Ghostwriting contracts – what you need to know
The process of hiring a ghostwriter is straightforward, especially with the help of The Ghostwriters Agency, but the process of agreeing contract terms can be daunting. What should be included in this important legal document and what happens if one, or both, sides of the partnership are unhappy with the process? It is rare, but it can happen. This is why contracts are so important to protect both author and ghost.
Ghostwriting contracts usually begin with a brief description of the project and the genre, with a ‘place holder’ working title and an estimate of its word count. The key points a contract will then move on to cover are compensation, ownership and control, credit, responsibilities, dispute resolution, copyright and libel. There may also be a miscellaneous section for items such as media rights, licensing and sequel rights.
From an author's point of view, one of the most important clauses concerns copyright. By law, if both parties contribute to a project, they are deemed to share the copyright. However, it is the norm for ghostwriters to sign over all the rights to the work to the named author. In other words, the author will gain full authority to claim authorship for the book and to take 100% of the credit for it. However, this must be recorded in writing. Some contracts may stipulate that the author will not be granted full ownership until the amount agreed upon has been paid in full.
This brings us to compensation. This is the part of the contract that sets out how much the ghost will be paid and whether or not they are due a percentage share of royalties. Individual ghosts may structure this part of the agreement in a variety of ways, but in almost all cases payments will be made in instalments over the course of the project, keeping pace with the work done and agreed milestones. A proportion of the fee is generally paid up-front before the process begins. Payment of the fee may be dependent upon certain milestones, which need to be clearly stated, including a target deadline. This section of the contract will also cover expenses and tie down which party will pay if the ghost has to travel widely to conduct interviews and stay away from home. Sometimes, both sides will agree to share expenses, just as they agree to share royalties, but again it is best to discuss this openly up front.

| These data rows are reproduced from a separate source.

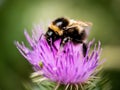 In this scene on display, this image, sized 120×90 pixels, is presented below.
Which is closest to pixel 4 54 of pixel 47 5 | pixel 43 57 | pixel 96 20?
pixel 47 5

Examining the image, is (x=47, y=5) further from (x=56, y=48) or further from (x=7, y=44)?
(x=56, y=48)

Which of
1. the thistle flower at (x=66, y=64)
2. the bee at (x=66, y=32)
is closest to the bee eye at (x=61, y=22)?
the bee at (x=66, y=32)

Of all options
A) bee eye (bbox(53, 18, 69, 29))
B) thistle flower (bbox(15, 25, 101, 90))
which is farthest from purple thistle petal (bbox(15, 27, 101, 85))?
bee eye (bbox(53, 18, 69, 29))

An ownership and control section will include details of whose responsibility is it to seek out book deals and who has the authority to approve the final draft of the work, or seek revisions. It is not unusual for a ghost to impose a reasonable time limit on the approvals process. They may, for example, ask for at least 30-days after receiving the author’s comments to resubmit a draft manuscript with the required edits. There might also be a provision for what constitutes a ‘satisfactory’ manuscript and this will probably reference the original book proposal ie if the book closely follows the format agreed in the initial plan, it should for all intents and purposes be deemed satisfactory. This protects both parties in case either one of them tries to shift the brief during the collaboration, contrary to their co writer’s wishes.

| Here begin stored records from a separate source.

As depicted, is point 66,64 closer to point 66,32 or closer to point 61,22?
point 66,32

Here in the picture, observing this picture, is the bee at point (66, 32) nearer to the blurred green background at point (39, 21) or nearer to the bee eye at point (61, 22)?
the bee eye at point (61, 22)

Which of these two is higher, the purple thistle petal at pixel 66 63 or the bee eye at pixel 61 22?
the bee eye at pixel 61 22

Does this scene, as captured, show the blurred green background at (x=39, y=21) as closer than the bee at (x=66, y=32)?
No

There needs to be agreement upfront on what credit the ghostwriter will get, if at all and, if they do get one, how prominent it will be. Most ghosts are happy to be invisible, but some like at least a nod to their input in the acknowledgements. It is very much a matter up for discussion over how much, or how little, recognition a ghost should get and where on the book their name should be included. Again, it is good to get an agreement well before the book begins to take shape.
Authors should also expect some detail about what will be expected from them regarding the work schedule. For a collaboration to be effective, an author will need to commit to a certain number of hours for interviews with their ghost. The amount can vary from writer to writer, but is usually somewhere in the region of 15 to 25 hours. The important part is that both parties fully commit to at least roughly the number of hours needed.

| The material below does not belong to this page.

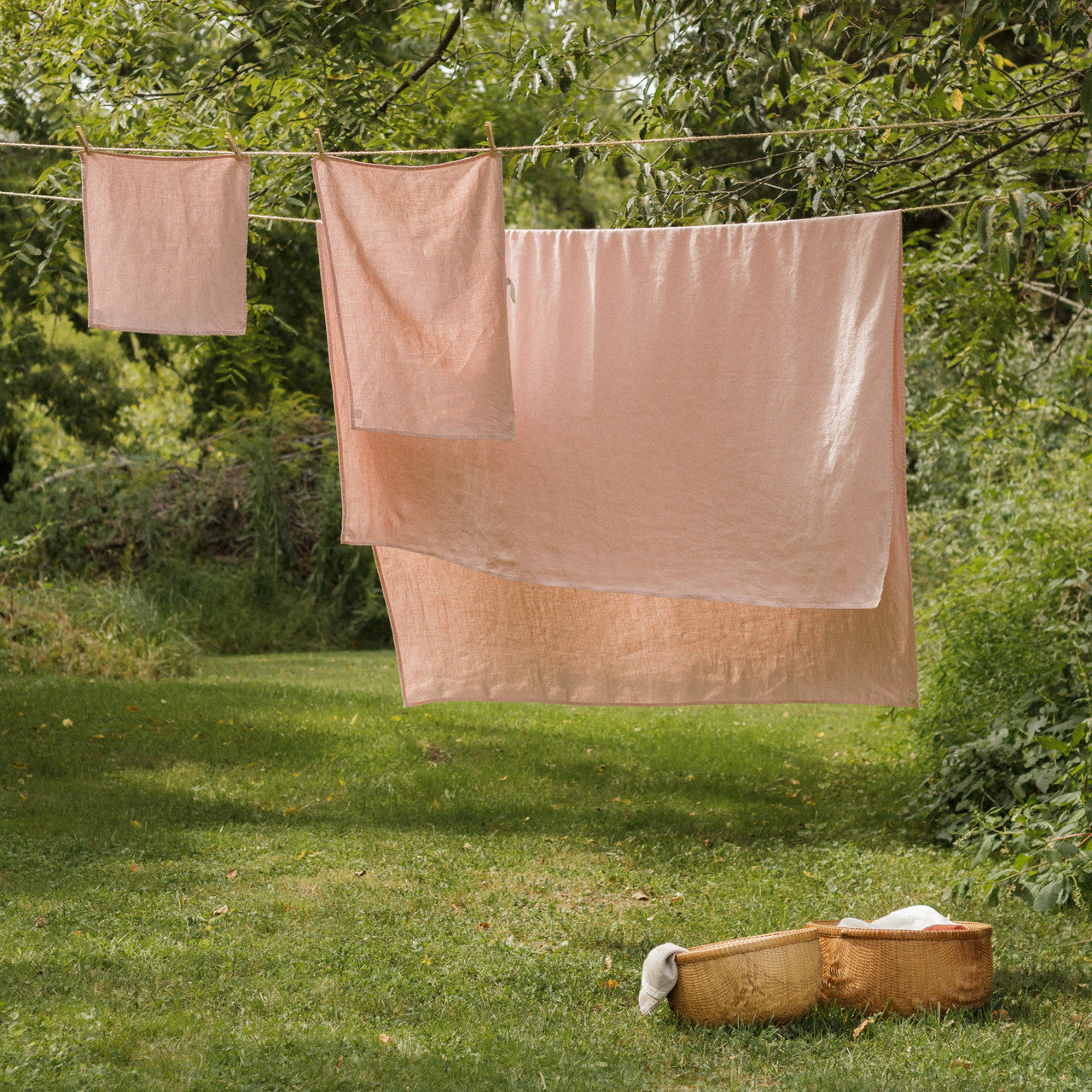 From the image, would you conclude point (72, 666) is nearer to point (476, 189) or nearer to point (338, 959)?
point (338, 959)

For authors to feel comfortable that anything they tell their ghost will remain between the two parties until it is approved for publication, there will be a clause on confidentiality. This is also the point at which the author might stipulate that the relationship with the ghost, or use of their services, is never disclosed publicly. It is at the author’s discretion whether or not the ghost is permitted to provide excerpts of the work to their potential clients.
No matter how well both parties prepare, life happens. For this reason, the contract should include an escape clause which can terminate a project if things are not working out, or something else happens which means the agreement cannot be completed as originally envisaged. This clause will include a ‘kill fee’ for the ghostwriter, as well as provision for them to be paid for the work already completed.
Finally, the contract should tackle the procedures for dispute resolution and the steps that both parties should take if they feel unhappy or uncomfortable with the progress on the book. As with most business transactions, a successful collaboration, or at least a successful dispute resolution, is dependent upon agreeing strong contract terms across the board at the outset.
Writing a book is a creative process, but that shouldn’t stand in the way of getting a business agreement in place from the start. If things do go wrong, but the contract is solid, both sides should at least be able to walk away relatively unscathed.